(Stored data entries)
┌────────

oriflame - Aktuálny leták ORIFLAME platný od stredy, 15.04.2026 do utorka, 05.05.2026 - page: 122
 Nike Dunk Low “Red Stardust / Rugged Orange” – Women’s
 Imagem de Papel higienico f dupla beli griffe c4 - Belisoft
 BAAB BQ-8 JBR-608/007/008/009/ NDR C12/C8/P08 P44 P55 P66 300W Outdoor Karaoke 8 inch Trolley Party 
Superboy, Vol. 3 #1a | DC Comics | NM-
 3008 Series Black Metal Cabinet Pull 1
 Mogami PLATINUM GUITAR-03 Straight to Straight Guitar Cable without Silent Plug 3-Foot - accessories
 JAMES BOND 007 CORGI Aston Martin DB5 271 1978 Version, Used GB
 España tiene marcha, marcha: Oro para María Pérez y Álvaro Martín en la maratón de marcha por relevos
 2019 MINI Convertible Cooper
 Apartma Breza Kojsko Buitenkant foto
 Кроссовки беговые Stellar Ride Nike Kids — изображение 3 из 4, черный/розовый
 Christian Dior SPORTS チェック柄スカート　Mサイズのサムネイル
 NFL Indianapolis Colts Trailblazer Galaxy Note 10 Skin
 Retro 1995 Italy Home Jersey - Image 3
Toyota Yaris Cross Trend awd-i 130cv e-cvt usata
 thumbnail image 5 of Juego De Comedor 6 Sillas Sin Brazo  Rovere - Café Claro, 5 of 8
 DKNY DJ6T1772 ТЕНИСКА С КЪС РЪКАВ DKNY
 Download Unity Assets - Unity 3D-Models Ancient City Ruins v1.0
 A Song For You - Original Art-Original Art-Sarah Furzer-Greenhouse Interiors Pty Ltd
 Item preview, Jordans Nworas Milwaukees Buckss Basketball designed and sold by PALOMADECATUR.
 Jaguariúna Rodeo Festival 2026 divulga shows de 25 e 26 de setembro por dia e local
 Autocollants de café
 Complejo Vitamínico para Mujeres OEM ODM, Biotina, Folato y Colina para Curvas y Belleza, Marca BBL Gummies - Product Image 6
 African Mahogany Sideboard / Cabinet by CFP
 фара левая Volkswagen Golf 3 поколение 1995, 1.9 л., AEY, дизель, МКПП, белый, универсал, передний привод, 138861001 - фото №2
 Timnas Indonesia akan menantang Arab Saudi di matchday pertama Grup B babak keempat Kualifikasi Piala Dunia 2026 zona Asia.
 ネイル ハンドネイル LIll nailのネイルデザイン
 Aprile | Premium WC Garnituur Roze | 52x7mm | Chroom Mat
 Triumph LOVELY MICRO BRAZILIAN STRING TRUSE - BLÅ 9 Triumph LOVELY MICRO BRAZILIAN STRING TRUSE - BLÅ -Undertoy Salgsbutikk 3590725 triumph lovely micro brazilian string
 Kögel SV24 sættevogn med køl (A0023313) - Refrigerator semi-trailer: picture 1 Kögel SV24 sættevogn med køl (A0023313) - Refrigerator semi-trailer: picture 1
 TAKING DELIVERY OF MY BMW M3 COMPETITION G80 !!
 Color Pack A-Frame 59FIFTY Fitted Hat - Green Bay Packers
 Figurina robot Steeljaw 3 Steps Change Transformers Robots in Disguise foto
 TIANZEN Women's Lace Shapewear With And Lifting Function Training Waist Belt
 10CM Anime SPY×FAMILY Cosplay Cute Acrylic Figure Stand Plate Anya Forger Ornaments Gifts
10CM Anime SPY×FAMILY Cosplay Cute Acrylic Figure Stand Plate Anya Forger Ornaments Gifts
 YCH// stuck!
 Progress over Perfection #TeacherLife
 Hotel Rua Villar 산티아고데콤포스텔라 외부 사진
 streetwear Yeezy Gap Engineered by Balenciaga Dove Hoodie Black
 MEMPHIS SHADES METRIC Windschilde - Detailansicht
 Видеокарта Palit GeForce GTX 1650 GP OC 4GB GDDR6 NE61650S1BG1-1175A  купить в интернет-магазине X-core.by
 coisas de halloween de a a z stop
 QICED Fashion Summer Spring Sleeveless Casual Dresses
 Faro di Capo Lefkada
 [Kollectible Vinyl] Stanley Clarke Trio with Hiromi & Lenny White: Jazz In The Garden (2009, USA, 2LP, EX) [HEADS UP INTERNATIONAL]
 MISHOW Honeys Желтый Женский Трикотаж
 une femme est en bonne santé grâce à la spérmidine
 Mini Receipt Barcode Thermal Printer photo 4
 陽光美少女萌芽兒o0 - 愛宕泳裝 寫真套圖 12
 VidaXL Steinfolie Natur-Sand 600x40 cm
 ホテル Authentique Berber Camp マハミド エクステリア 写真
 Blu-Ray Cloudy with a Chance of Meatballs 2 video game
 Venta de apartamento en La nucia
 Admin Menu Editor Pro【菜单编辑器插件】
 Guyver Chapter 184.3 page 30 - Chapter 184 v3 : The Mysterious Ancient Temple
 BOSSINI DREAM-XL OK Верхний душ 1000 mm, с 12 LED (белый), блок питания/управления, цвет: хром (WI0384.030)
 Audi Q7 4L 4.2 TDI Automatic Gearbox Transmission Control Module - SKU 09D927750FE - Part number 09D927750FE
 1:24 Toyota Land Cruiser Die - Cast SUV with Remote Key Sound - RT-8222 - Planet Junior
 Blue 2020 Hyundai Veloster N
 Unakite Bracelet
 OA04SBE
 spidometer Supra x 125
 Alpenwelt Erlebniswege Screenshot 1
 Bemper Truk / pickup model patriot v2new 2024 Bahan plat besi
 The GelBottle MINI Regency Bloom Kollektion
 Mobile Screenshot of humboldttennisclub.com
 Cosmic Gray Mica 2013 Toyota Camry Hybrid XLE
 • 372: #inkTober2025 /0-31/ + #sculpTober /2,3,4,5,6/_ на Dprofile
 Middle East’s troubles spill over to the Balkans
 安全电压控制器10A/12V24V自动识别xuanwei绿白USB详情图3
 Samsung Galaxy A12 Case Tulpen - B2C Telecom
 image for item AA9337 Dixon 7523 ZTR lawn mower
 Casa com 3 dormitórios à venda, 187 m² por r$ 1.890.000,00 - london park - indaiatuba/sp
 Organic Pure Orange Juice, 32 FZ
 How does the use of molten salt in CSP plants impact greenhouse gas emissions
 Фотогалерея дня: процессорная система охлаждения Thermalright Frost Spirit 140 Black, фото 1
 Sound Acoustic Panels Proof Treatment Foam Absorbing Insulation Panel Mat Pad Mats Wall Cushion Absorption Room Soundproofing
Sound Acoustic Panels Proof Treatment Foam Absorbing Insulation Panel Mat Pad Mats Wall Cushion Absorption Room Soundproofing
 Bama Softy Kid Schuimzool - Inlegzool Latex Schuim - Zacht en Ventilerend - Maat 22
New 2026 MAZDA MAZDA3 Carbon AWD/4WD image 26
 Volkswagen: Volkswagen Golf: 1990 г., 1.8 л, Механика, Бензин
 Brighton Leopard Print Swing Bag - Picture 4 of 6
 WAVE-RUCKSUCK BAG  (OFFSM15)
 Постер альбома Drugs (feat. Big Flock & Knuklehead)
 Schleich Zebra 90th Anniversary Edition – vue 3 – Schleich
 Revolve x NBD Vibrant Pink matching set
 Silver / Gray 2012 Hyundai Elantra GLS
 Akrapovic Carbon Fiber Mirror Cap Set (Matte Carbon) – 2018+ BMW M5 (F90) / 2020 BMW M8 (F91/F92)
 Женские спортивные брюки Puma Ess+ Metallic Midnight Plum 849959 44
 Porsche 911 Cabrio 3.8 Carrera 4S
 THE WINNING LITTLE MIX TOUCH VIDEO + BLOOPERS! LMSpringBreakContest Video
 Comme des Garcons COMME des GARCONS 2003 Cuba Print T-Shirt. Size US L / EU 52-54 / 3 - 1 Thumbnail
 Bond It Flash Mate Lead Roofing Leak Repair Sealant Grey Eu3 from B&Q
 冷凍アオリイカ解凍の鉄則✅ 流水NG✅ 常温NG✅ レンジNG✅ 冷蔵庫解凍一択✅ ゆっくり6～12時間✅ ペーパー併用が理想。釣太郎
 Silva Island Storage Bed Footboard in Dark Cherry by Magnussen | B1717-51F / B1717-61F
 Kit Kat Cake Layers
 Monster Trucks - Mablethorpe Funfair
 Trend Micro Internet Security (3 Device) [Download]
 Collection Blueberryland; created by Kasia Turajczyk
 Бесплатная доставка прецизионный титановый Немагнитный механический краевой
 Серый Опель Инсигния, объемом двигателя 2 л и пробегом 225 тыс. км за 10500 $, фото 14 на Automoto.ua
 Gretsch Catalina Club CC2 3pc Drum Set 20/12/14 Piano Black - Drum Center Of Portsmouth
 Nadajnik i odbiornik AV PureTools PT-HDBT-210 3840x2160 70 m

└────────

ASSIGNMENT: Nothing should be returned except the lines from the first line of the data above through the line with "3008 Series Black Metal Cabinet Pull 1", each one exact.

ANSWER TO THE PROBLEM:
oriflame - Aktuálny leták ORIFLAME platný od stredy, 15.04.2026 do utorka, 05.05.2026 - page: 122
 Nike Dunk Low “Red Stardust / Rugged Orange” – Women’s
 Imagem de Papel higienico f dupla beli griffe c4 - Belisoft
 BAAB BQ-8 JBR-608/007/008/009/ NDR C12/C8/P08 P44 P55 P66 300W Outdoor Karaoke 8 inch Trolley Party 
Superboy, Vol. 3 #1a | DC Comics | NM-
 3008 Series Black Metal Cabinet Pull 1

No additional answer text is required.